Dublin City Council could lose money on the planned Poolbeg incinerator in Dublin, even if the facility is highly profitable, The Sunday Business Post has learned.
Under the terms of a contract between the council and US energy giant Covanta, the council will forgo a large proportion of any income it is entitled to if it fails to supply an agreed ‘Band 1’ tonnage of waste to the facility. The clause applies even if the incinerator is profitable.
In addition to the potential loss, the council will face penalties if it fails to supply the 320,000 tonnes of waste to the incinerator each year. The incinerator will have capacity for 600,000 tonnes of waste, so the council is contracted to supply more than half the total each year.
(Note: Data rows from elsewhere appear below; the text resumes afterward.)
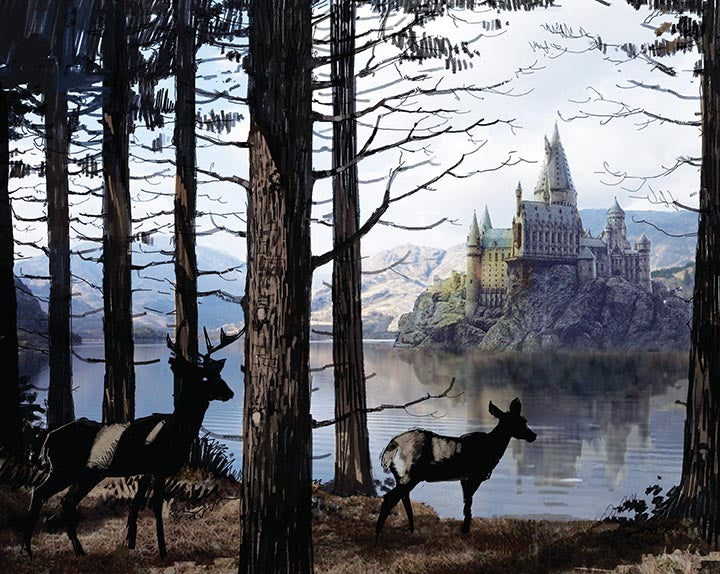 Harry Potter Hogwarts hardcover ruled journal by Insight Editions, featuring wizarding world design on the cover.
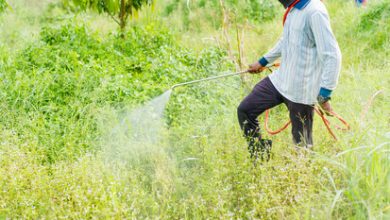 EPA Faces Pressure to Warn Public on Cancer-Linked Pesticides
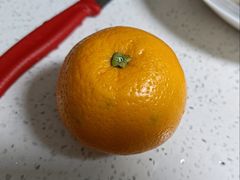 -上海大学(宝山校区)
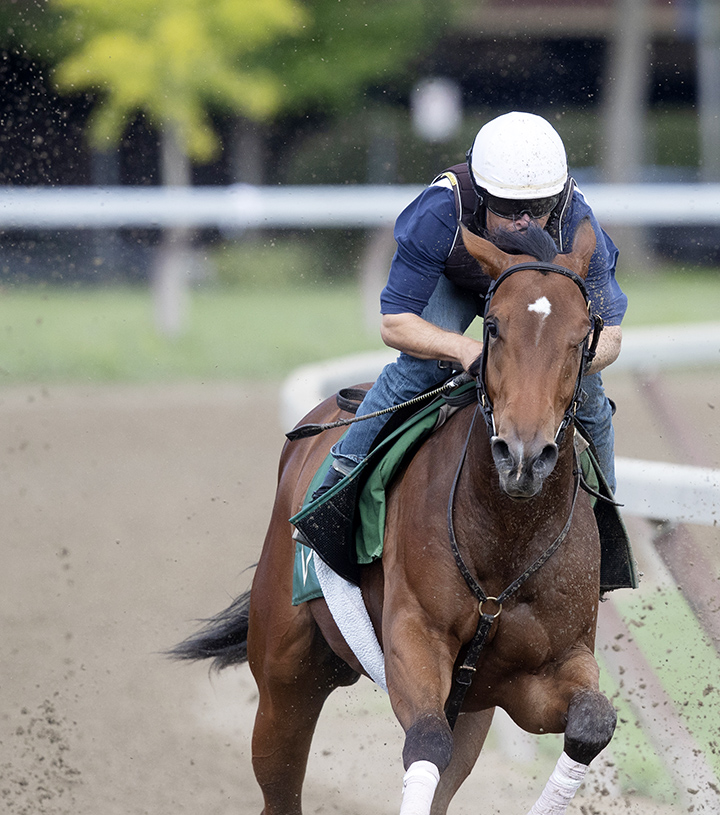 Frank-s Rockette trains at Saratoga Race Course on Aug. 25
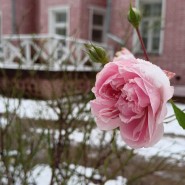 Квест «Вот свежие тебе цветы » фотографии
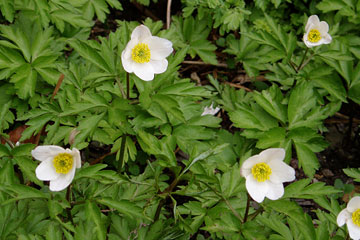 Hvid anemone, Anemone nemorosa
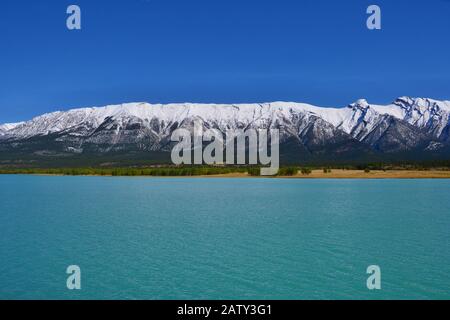 Schöner blauer Abraham-See mit hohen Bergen, die im Hintergrund schneebedeckt sind. Sonniger Tag, blauer Himmel, Kootenay Ebenen Ökologisches Reservat. Kanada. Stockfoto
The contract states that revenue from the sale of energy from the incinerator - both electricity and heat - will be shared between the council and Covanta. The agreement also specifies strict circumstances under which both sides may withdraw from the contract if an 'uninsurable risk' arises or in the event of a relevant 'change in law'.
It is understood that the areas covered by an uninsurable risk would include a legal determination that the contract breached competition law.
Environment minister John Gormley, who is opposed to the incinerator development, is to appoint a special investigator to examine aspects of the project at Ringsend in Dublin. Gormley has also said that he may refer the deal to the Competition Authority for scrutiny.